The step can output to HDFS from any type of machine. However, if you wish to output to local disk instead of HDFS the Hadoop client must be installed on the machine or you will receive a NullPointerException.

File Tab

  • Filename - The name of the file to output
  • Accept filename from field? - Should the step get the filename from a field?
  • Field that contains filename - The field that contains the filename.
  • Overwrite output file? - If the output file exists, should PDI overwrite the file. Otherwise will fail if the file exists.
  • Create parent folder? - Create the parent folder if it does not exist.
  • Include stepnr in filename? - Should the step number be included in the filename? Used for starting multiple copies of the step.
  • Include partition nr in filename? - Used for partitioned transformations.
  • Include date in filname? - Include the current date in the filename in yyyyMMdd format.
  • Include time in filename? - Include the current time in the filename in HHmmss format.
  • Specify date format? - Specify your own format for including the date time in the filename.
  • Date time format - The date time format to use.

Content Tab

  • Block size (MB) - In MB the block size limit for the file. It is generally recommended that the entire file be able to fit in one block for optimal performance.
  • Page size (KB) - In KB the size of the Parquet pages. Parquet pages are the minimum readable size within the file. It is generally recommended this be set to 8 for performance reasons; however, a higher number will result in smaller Parquet files.
  • Compression - The compression codec to use when writing the file.
  • Use dictionary compression? - Should dictionary compression be enabled?

Fields Tab

  • Name - The name of the field on the stream
  • Path - The dot delimited path to where the field will be stored in the Parquet file. (If this is empty the stream name will be used.)
  • Nullable? - Should the field be nullable.
  • Get Fields button - Gets the list of input fields.

Common Errors

NullPointerException Opening File

This error comes from Parquet and indicates you are trying to write a Parquet file to the local file system on a machine that does not have the Hadoop client installed. Install the Hadoop client or write the file directly to HDFS to resolve.

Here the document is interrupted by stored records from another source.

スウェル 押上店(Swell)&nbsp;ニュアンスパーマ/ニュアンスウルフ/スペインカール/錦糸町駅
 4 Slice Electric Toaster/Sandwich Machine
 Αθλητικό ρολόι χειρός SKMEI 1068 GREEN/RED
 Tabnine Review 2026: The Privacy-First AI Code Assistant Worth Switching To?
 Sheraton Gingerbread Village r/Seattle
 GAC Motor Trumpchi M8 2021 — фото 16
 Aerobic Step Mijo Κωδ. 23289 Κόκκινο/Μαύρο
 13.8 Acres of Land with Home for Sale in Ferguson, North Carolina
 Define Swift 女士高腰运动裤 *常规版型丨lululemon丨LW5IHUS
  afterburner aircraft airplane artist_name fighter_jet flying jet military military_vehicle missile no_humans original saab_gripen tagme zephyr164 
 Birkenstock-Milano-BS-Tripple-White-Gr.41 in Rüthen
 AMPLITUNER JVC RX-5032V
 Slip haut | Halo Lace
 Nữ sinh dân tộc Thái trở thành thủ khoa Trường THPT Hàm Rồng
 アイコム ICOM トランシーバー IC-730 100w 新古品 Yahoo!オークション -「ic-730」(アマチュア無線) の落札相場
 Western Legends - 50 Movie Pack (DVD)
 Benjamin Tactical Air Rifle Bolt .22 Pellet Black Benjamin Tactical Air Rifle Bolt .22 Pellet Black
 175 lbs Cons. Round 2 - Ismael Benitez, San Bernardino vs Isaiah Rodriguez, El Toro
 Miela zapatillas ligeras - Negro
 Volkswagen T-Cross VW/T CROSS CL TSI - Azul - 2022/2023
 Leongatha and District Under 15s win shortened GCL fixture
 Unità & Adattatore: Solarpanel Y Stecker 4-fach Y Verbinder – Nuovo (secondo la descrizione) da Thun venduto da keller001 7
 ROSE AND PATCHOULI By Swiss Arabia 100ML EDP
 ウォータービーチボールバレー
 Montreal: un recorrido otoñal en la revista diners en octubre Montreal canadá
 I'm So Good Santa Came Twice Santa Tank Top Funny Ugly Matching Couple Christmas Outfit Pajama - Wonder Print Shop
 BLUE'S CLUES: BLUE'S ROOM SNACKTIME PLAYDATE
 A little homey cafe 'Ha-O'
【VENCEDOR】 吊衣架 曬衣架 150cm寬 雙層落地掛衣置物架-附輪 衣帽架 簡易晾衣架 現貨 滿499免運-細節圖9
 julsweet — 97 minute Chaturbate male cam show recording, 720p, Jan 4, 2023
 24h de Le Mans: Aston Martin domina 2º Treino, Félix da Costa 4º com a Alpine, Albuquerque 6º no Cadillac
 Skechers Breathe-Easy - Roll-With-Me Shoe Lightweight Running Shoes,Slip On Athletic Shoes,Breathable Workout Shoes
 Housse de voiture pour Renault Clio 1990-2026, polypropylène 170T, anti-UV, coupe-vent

No FileSystem for scheme: hdfs

The additional installation steps above were not followed correctly. Follow them and restart Spoon.

Class not found exception

The jars to copy into your lib folder in the additional installation steps should be the complete list for most Hadoop installations. However, Hadoop is not always compatible from version to version and additional jars may need to be copied. Identify the jar that contains the class that was not found and copy it to your lib folder.

Building from Source

The Parquet Plugin is built using Ant. Since I do not want to deal with the complexities of Ivy the following instructions must be followed before building this plugin.

  1. Edit the build.properties file.
  2. Set pentahoclasspath to the data-integration/lib directory on your machine.
  3. Set the pentahoswtclasspath to the data-integration/libswt directory on your machine.
  4. Set the pentahobigdataclasspath to the data-integration/plugins/pentaho-big-data-plugin/lib directory on your machine.
  5. Run "ant dist" to build the plugin.